>>>

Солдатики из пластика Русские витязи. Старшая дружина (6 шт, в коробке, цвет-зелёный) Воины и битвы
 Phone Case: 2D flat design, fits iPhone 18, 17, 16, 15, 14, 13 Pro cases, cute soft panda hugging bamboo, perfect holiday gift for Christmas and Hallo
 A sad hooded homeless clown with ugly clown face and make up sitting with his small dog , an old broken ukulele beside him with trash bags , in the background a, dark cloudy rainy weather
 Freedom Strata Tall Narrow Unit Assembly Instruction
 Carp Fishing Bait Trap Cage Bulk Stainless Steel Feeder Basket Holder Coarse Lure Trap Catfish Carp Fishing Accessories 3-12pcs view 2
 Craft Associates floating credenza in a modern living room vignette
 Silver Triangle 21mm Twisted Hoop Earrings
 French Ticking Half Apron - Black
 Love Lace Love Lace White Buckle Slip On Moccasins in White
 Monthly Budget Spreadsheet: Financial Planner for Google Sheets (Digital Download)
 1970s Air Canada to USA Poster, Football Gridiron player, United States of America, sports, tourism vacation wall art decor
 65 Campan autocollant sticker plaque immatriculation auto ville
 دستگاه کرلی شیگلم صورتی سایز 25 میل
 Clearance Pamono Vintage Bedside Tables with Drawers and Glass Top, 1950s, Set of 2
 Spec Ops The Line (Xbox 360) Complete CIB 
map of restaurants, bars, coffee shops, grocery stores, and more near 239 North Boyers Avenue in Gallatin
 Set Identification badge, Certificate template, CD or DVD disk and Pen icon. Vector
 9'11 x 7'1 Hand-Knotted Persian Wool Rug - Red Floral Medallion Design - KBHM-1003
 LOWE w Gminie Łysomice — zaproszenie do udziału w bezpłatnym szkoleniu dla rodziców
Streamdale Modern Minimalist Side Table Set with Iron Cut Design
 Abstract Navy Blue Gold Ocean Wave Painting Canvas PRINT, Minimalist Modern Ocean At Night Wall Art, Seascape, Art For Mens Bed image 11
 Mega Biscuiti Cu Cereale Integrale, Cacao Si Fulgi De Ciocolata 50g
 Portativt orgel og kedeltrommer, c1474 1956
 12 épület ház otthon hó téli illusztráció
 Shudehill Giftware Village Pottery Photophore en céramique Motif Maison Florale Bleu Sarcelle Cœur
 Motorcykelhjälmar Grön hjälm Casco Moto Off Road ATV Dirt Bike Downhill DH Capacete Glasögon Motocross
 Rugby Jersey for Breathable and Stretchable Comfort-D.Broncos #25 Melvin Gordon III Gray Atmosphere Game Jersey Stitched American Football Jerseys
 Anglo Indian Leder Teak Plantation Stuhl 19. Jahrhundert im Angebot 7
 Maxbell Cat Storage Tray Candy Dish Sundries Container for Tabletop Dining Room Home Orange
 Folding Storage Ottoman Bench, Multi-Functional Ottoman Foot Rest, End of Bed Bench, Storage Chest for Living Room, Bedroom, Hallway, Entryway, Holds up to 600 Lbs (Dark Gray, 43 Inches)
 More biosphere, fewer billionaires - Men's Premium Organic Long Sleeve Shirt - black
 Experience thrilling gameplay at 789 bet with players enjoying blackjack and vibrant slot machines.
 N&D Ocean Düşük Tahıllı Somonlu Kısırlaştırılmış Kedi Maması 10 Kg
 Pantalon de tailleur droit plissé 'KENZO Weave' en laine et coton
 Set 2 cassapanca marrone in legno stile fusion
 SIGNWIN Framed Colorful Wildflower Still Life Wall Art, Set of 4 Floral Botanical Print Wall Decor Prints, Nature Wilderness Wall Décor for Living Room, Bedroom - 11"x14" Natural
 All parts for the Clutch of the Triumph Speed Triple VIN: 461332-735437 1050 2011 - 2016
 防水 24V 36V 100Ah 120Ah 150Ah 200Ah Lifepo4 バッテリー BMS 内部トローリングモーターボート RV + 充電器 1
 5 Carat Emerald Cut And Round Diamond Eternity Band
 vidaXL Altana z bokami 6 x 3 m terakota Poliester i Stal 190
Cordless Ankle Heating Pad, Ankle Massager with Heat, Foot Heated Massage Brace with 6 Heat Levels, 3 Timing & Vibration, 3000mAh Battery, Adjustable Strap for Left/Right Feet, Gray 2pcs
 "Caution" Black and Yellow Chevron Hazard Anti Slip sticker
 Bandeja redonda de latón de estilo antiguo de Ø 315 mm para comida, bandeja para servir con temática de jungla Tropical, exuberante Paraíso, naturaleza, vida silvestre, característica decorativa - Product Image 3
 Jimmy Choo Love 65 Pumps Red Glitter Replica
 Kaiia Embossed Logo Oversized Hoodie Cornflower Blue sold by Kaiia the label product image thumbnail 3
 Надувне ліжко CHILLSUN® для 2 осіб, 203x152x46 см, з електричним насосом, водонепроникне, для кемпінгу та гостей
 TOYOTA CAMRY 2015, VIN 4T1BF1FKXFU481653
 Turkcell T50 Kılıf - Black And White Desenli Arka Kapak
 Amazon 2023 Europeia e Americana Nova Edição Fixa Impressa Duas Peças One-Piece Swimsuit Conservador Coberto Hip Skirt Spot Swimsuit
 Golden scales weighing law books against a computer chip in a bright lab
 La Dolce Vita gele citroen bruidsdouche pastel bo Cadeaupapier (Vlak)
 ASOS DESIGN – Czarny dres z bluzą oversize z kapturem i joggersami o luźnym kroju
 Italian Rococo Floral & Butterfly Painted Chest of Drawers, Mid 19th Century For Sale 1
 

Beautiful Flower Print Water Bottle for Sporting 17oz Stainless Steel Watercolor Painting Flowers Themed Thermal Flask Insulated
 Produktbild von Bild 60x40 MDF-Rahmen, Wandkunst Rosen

<<<

In the entries above, restate word for word the lines between the one holding "LOWE w Gminie" and the one holding "Shudehill Giftware Village", inclusive, and nothing besides.

Result
 LOWE w Gminie Łysomice — zaproszenie do udziału w bezpłatnym szkoleniu dla rodziców
Streamdale Modern Minimalist Side Table Set with Iron Cut Design
 Abstract Navy Blue Gold Ocean Wave Painting Canvas PRINT, Minimalist Modern Ocean At Night Wall Art, Seascape, Art For Mens Bed image 11
 Mega Biscuiti Cu Cereale Integrale, Cacao Si Fulgi De Ciocolata 50g
 Portativt orgel og kedeltrommer, c1474 1956
 12 épület ház otthon hó téli illusztráció
 Shudehill Giftware Village Pottery Photophore en céramique Motif Maison Florale Bleu Sarcelle Cœur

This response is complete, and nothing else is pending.